In building the NBN, the NBN Co required Telstra’s old telephony network of copper wires and ducts to lay the infrastructure required to underpin of the new fibre optic cable. The impacts of this sale have been immense for Telstra shareholders.
Since Telstra could no longer both own a single national cabling network, and charge its competitors for the privilege of using it alongside it, the company is a lot smaller today than it used to be. Rewind the clock back to 2015 and Telstra was a company with a $6.60 share price, and about to pay an annual dividend of 32 cents a share.
Today, Telstra is a company with a share price of $3.01 (at the time of writing). Its investors have enjoyed just 16 cents per share in dividends in 2020.
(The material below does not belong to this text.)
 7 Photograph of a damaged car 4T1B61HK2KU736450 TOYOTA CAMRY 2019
But things could be coming full circle for Telstra.
Telstra calls NBN home
According to reporting in the Australian Financial Review (AFR), after almost 13 years, the federal communications minister has announced that the NBN is finally complete and “fully operational”. And that means that the NBN is one step closer to the government’s intended goal of privatisation.
According to the report, this declaration is one of 4 steps that the NBN will need to fulfil in order for a sale. The other steps reportedly include a lengthy Productivity Commission enquiry.
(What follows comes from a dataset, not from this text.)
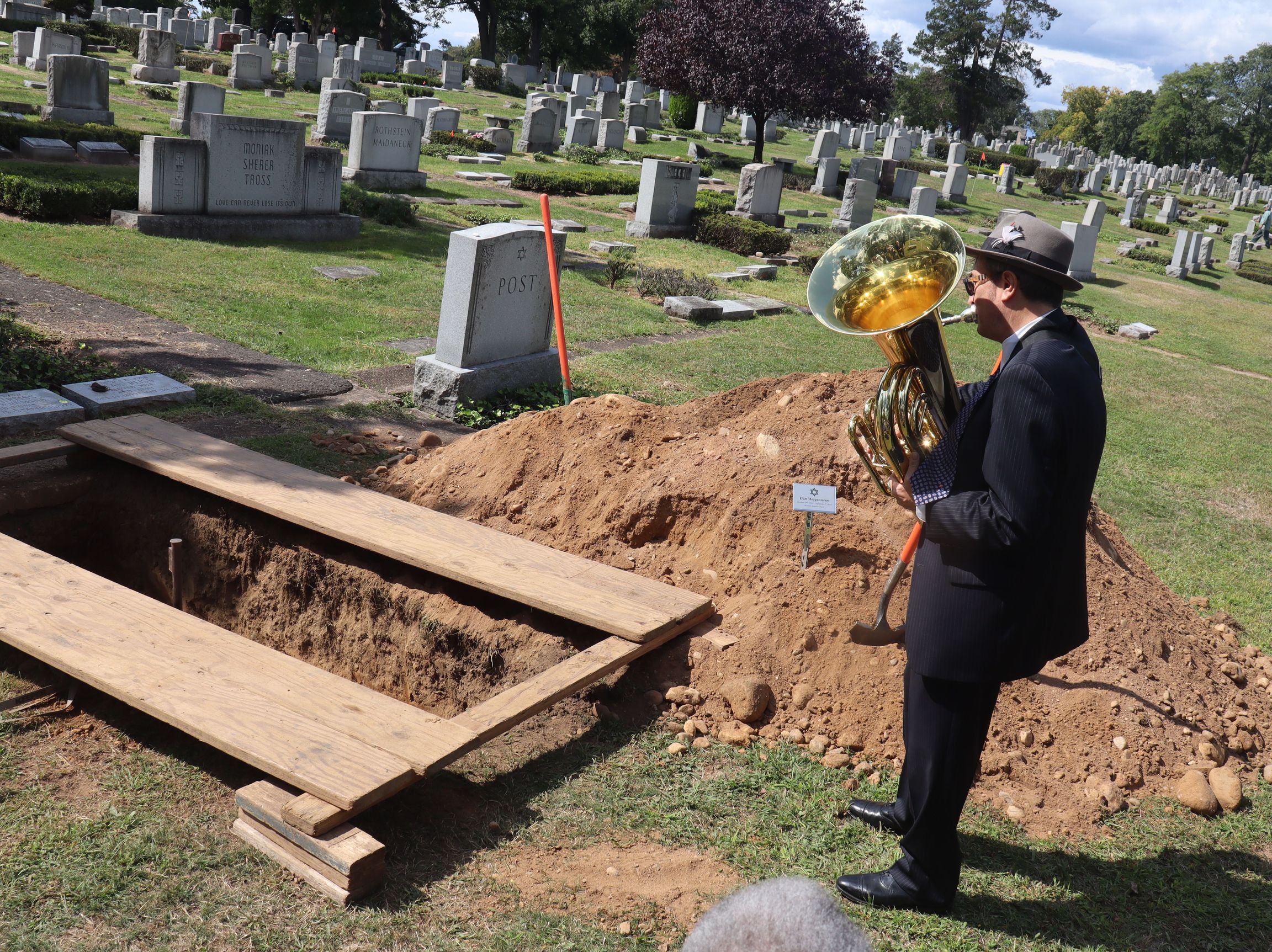 David Ostwald at grave of Dan Morgenstern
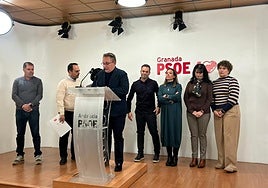 El alcalde de Pinos Puente, Enrique Medina, en rueda de prensa.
However, the AFR reports that, in a rather poetic turn of events, Telstra is the leading contender to buy the NBN back off the government when it does get the final green light for sale. There are likely to be competitors for the NBN such as superannuation funds.
But the AFR notes that any future owner that isn’t Telstra would have to pay up every year to keep using Telstra’s infrastructure, as the NBN does today. That means Telstra would be the only bidder without this handicap to overcome. As such, Telstra is considered the frontrunner.
Well, it won’t exactly be ‘Telstra’ owning the NBN, rather Telstra’s infrastructure division InfraCo. The report tells us that if Telstra did decide to bid, “the Australian Competition and Consumer Commission has been clear it would have to separate [InfraCo] from Telstra and become its own standalone company”.
So perhaps Telstra shareholders have a spin-off to look forward to at some point in the next few years. If the report is to be believed of course. Something for Telstra shareholders to keep in mind!